◆ Work item ◆
Beginning with the line that holds "heart icon. Chat" and finishing with the line that holds "vidaXL CD Rack", repeat the listing exactly, leaving every picture out.

◆ Source data ◆

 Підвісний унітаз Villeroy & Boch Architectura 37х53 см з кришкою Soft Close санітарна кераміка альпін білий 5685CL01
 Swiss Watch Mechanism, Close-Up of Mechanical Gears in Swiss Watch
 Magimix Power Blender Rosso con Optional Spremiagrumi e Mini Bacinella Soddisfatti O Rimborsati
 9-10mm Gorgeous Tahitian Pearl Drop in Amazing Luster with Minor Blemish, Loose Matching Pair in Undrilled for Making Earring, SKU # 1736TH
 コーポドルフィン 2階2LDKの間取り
--
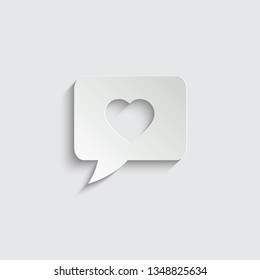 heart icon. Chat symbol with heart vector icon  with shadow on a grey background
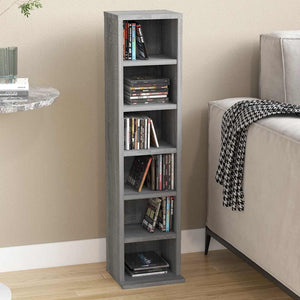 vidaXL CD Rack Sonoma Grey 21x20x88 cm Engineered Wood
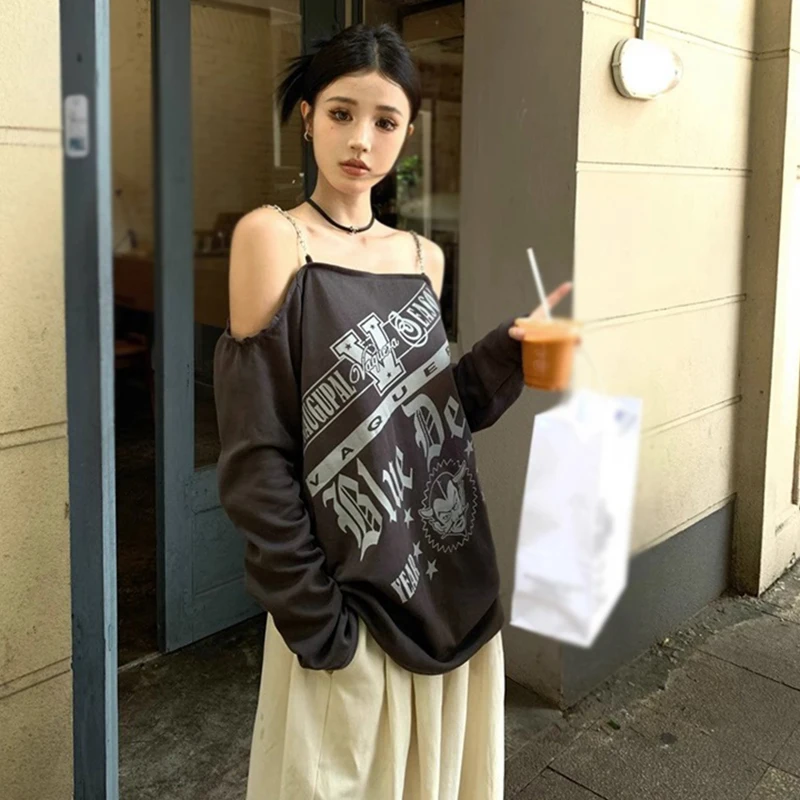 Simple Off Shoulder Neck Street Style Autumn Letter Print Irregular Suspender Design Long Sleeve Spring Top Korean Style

◆ Answer section ◆
 heart icon. Chat symbol with heart vector icon  with shadow on a grey background
 vidaXL CD Rack Sonoma Grey 21x20x88 cm Engineered Wood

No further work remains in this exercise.